## ASSIGNMENT
Search the data for the string "Opel" and copy each line where it turns up.

[Source records]
^^^^

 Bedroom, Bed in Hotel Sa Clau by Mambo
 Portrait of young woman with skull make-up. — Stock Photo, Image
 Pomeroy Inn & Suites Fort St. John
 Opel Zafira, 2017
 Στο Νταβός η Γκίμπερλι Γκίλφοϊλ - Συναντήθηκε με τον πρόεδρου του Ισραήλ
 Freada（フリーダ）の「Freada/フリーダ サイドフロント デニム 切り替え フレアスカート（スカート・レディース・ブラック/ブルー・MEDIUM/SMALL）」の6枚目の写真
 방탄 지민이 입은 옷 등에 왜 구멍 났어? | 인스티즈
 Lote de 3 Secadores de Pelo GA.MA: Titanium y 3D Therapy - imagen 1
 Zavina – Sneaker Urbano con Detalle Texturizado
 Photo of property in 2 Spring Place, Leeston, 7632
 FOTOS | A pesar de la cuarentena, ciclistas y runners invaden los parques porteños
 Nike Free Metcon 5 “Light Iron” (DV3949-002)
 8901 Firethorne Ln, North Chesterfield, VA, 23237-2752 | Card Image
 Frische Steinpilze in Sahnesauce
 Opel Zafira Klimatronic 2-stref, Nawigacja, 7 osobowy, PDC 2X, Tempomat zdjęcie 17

^^^^

## EXERCISE RESULT
 Opel Zafira, 2017
 Opel Zafira Klimatronic 2-stref, Nawigacja, 7 osobowy, PDC 2X, Tempomat zdjęcie 17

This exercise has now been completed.